Her şey tüm plajlar göçmenlere açık olduğunda, sığınmacılarla ilgili akla gelen tek çözüm “geri göndermek” olmadığında çok güzel olacak.
Her şey tabelalardaki T.C. ibaresi çok güzel bir şey sanılıp geri getirilmek istenmediğince çok güzel olacak.
Her şey Ataşehir’de CHP’li belediyeye karşı greve giden işçiler kazandığında çok güzel olacak.
Her şeyin çok güzel olması için enternasyonalist ve devrimci sosyalistlerin büyümesi ve güçlenmesi gerekli.
***
Kemalizm mi kazandı?
Ekrem İmamoğlu’nun seçim zaferinin ardından bazı ulusalcılar “Cumhuriyet mitingleri ruhunun” kazandığını iddia ettiler.
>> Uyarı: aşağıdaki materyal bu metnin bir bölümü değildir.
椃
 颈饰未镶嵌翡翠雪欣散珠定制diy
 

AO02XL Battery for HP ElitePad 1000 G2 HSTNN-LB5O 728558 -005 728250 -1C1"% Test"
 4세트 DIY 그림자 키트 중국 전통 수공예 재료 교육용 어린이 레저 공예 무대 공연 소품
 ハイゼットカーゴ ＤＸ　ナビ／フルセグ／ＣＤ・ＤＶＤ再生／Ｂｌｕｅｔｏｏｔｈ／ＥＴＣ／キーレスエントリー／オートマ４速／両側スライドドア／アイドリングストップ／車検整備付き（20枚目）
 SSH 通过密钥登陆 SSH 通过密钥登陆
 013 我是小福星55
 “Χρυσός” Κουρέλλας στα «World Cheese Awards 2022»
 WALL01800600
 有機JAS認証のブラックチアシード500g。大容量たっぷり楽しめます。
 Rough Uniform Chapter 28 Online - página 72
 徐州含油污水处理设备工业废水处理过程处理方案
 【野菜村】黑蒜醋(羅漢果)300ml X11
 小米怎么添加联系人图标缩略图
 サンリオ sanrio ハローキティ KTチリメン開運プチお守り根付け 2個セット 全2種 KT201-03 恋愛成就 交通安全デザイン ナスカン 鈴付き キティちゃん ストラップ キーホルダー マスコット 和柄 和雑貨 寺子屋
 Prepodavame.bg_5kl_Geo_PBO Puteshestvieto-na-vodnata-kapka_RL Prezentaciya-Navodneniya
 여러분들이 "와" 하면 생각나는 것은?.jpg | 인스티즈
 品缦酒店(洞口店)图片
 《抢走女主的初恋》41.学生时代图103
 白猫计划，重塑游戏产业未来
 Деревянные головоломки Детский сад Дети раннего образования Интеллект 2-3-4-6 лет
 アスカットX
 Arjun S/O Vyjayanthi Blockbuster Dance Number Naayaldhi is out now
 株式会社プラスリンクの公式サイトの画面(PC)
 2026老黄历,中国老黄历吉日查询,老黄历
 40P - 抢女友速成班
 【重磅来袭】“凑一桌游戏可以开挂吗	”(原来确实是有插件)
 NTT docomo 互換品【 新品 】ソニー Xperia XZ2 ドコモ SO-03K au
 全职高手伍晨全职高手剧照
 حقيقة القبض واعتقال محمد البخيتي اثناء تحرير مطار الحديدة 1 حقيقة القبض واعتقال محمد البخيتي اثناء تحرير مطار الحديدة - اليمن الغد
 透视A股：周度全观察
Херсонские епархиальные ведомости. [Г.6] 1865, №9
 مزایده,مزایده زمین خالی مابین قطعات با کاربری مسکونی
Oysa gerçek tam tersi. Halk, tam da Cumhuriyet Mitingleri’ne olan öfkeyle AKP’nin yükselişinde olduğu gibi, adaletsizliğe, devletin olanakları kullanılarak YSK’ya seçimin yenilettirilmesine öfkelenerek Ekrem İmamoğlu’na oy verdi. Ve AKP tabanından, zaten son dönemdeki uygulamalardan rahatsız olan kitle, bu kez de haksızlığa tepki duyarak koptu. Kemalizmin amentülerinin geri getirilmesi toplumsal kutuplaşmayı yeniden üreterek bu kitlenin tekrar AKP’ye gitmesini sağlayacaktır. Devletin kurucu ideolojisinin sola kabul ettirilme çabalarına da bir kez daha dur demeliyiz.